Expert opinion
The Museum of Photography of the National Photograph Library
The Museum of Photography displays and publishes a small sample of the photographic heritage safeguarded by the National Photograph Library for the purposes of research, education and dissemination.

The museum seeks to engage and provoke reflection on the collections of the National Photograph Library and photographic work in Mexico with its five core exhibition themes: portraiture, eye-witness pictures, scenes from everyday life, landscapes and visual essays. It aims to respond to the new challenges posed by today’s public. Image and memory is a synergy which came into being with the invention of photography.

The museum emphasizes a new interpretation using sets of images, which appear together in the works of authors of various periods, from the origins of photography up to the present day. These originals give us a glimpse into the differences in how a subject is treated over time, and bring the viewer close to the work of photographers and genres avoided by traditional histories of photography.

As a communication strategy, the dialogue viewers have with the image has the benefit of telling us how the perspective of the photographer changes over time and between generations. Through this process the perceptions we hold about what is being communicated can enrich, confirm, reaffirm and even contradict our knowledge of the development of society and the way it works.
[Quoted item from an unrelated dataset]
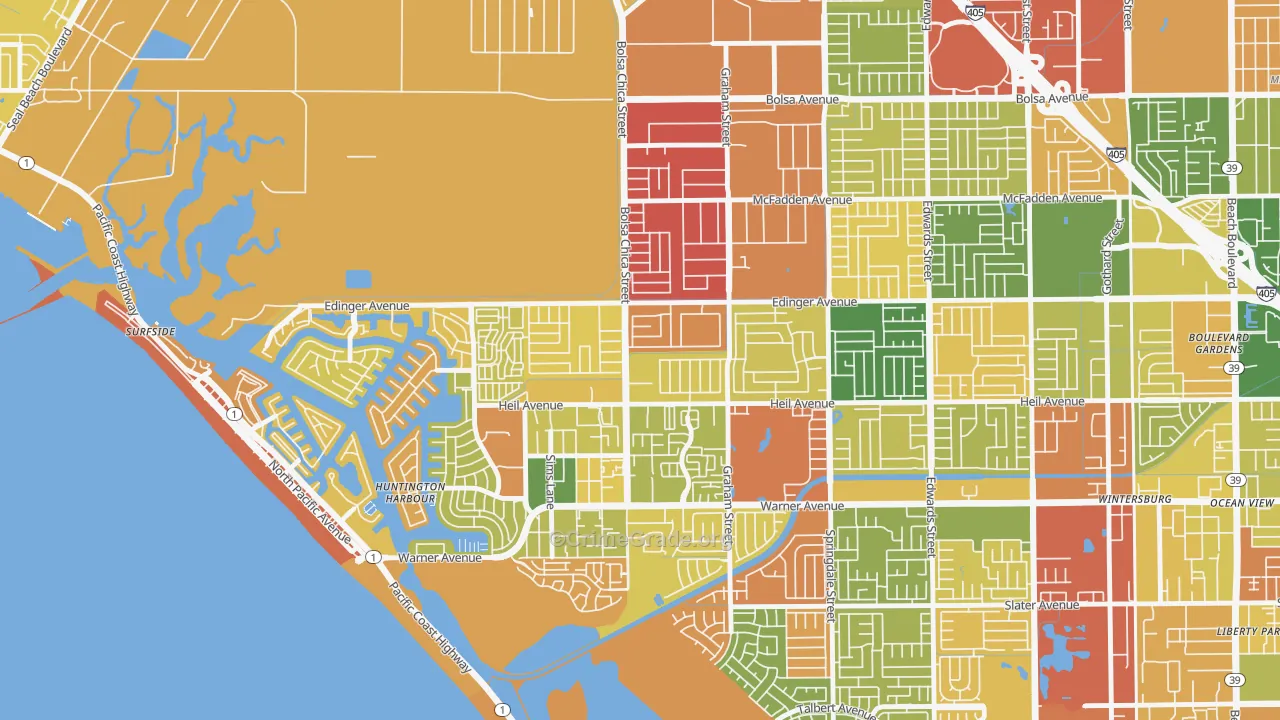 Bolsa Chica-Heil, Huntington Beach, CA Map of Robbery Rates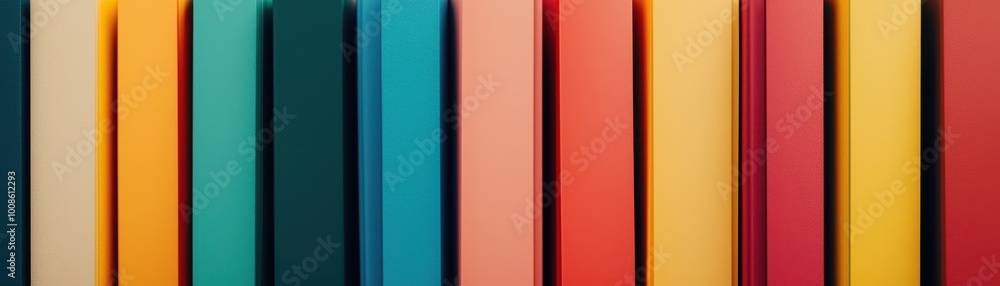 Poster a vibrant display of colorful vertical panels, showcasing a range of hues from teal to yellow and re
A clear example of this is the Casasola Archive, whose place in the collective imagination has led it to be identified as a part of national identity, although in the light of research, we can see for example that the iconic “Adelitas in the wagon” were not female soldiers of the revolution, but were in reality women who sold provisions to the federal soldiers at the Buenavista train station.
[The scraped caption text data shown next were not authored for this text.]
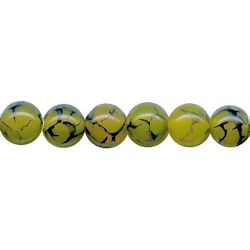 6mm Yellow Dragon Vein Agate ROUND Beads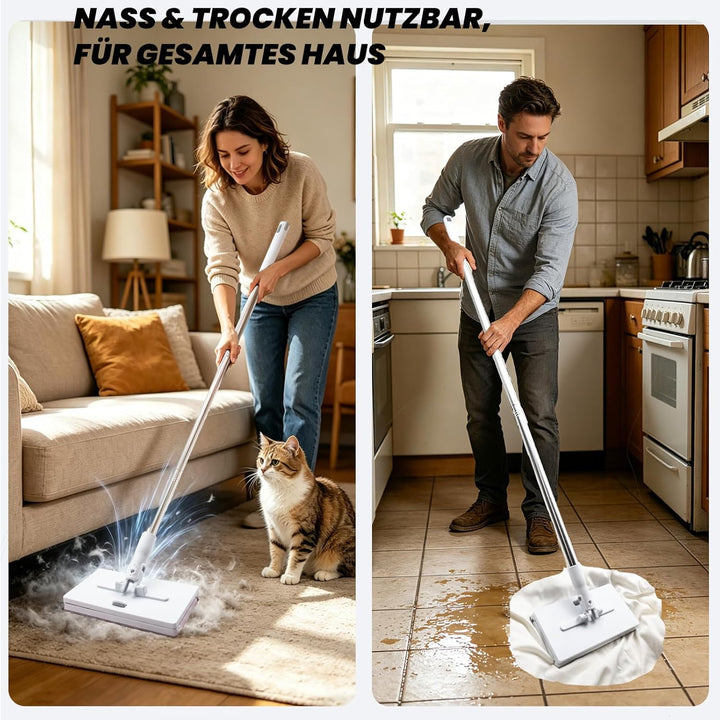 Wischmopp Mini Mopp mit Druck Klemm System, Mini Mop mit Automatischem Tuchwechsel, Bodenwischer Set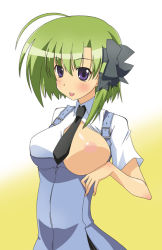 Rule 34 | 00s, 1girl, :p, ahoge, bow, breast slip, breasts, framed breasts, green hair, hair bow, large breasts, necktie, nipples, no bra, one breast out, paopa ship, purple eyes, school uniform, shigure asa, short hair, shuffle!, solo, tongue, tongue out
Other examples are the perspective of Guillermo Kahlo, the German photographer who settled in Mexico, and who with technical rigor presented perfectly made pictures of temples, or the playful gaze of Nacho López, in his visual essay “La Venus se va de juerga” (Venus goes out on the town), showing how bystanders reacted to a mannequin in different situations.
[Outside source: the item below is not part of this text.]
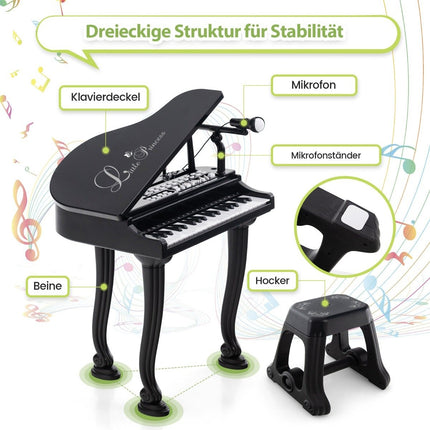 Children's Piano with 37 Keys & Stool Toy Piano Portable 47 x 37 x 70 cm Black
In this way image and memory at the Museum of Photography seek to build social cohesion, and to that extent they serve to divulge a way of being, thinking and creating.

The images from the National Photograph Library on show in the Museum of Photography enrich the culture of photography and the dialogue between them and their viewers, and with all their peculiarities they also tend to promote new ways of seeing, creating, enjoying and documenting.